In what appears to be another case of his impulsively talking before thinking, Ramzan Kadyrov announced last week that the president of Chechnya’s underground separatist government was about to surrender. Though other pro-Kremlin leaders either remained silent about the young Kadyrov’s claims or took pains to distance themselves from them, Ramzan boldly asserted that Aslan Maskhadov was actively seeking an intermediary, such as a governor of one of Russia’s southern provinces, to arrange terms for his giving himself up to the federal authorities.
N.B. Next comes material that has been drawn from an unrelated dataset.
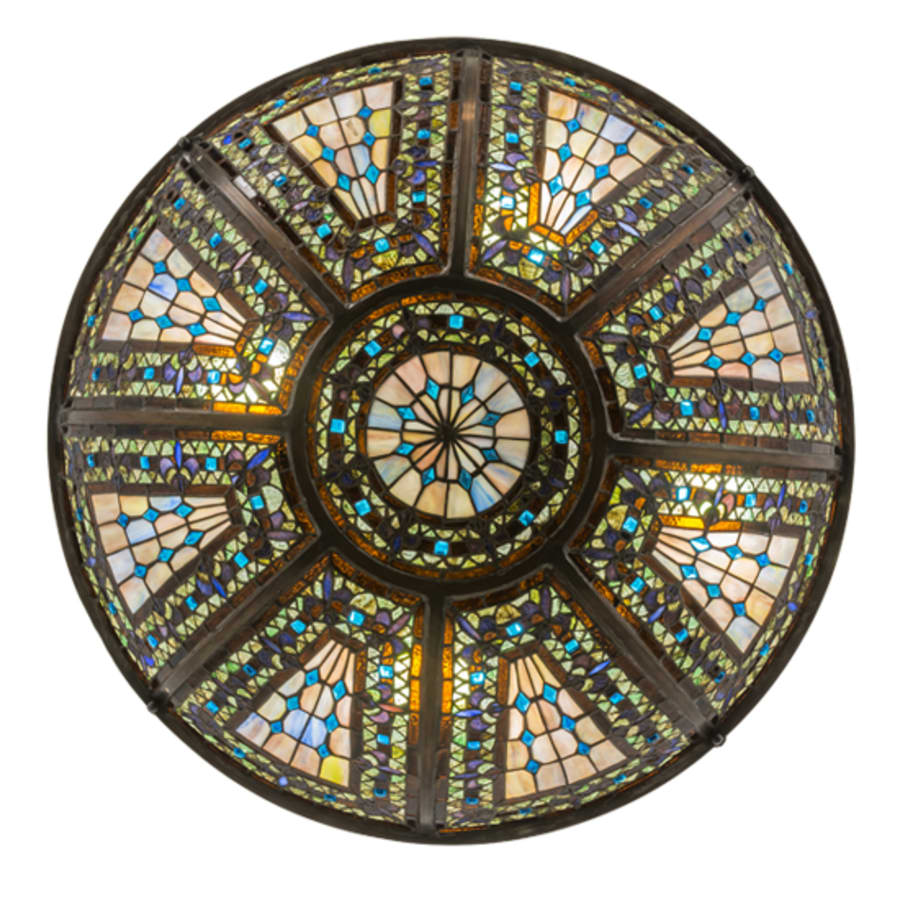 Meyda Tiffany Fleur-de-lis 4 Light 24" Wide Pendant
Alu Alkhanov, however, expressed agreement with Ramzan’s strong stand against any kind of negotiations with Maskhadov—against any offer of amnesty or other concessions as an inducement for the separatist leader to surrender. An October 22 article by Aliya Samigullina and Ilya Barabanov published by Gazeta.ru judged that Alkhanov had significantly hardened his line on this question since his recent installation as the new head of Chechnya’s pro-Moscow administration. The article quoted Alkhanov as insisting that Maskhadov was on wanted lists as an “organizer of illegal armed formations” and of “major terrorist attacks” and that therefore he should be forced to “appear before a court.” The only advance promise which Alkhanov was willing to offer was to guarantee Maskhadov’s personal safety during the period between his surrender and the beginning of his criminal trial.
Meanwhile, Alkhanov, in an apparent move to concentrate more power in his own hands, has signed a decree naming Ziyad Sabsabi as a vice-premier, and reappointing him as the administration’s representative in Moscow. Vladlen Maksimov wrote in Novye izvestia on October 25 that “this combination of posts means that under the new president the office of representative [in Moscow] is acquiring a special status: Ziyad Sabsabi is becoming the only official lobbyist of the Chechen Republic in Moscow.”
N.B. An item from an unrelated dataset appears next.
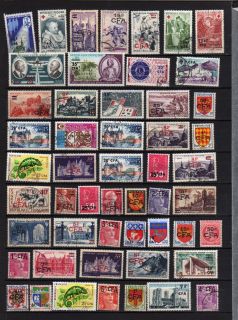 Reunion 140 CFA overprinted Stamps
On the other hand, Ramzan Kadyrov was appointed last week as an adviser to Dmitri Kozak, Vladimir Putin’s representative to the Southern Federal District. As Maksimov observed, “in this capacity he will hardly be subordinate to Alkhanov.” But the goal of the new appointment might be to place the unpredictable Ramzan more closely “under the strict control of the federal center.”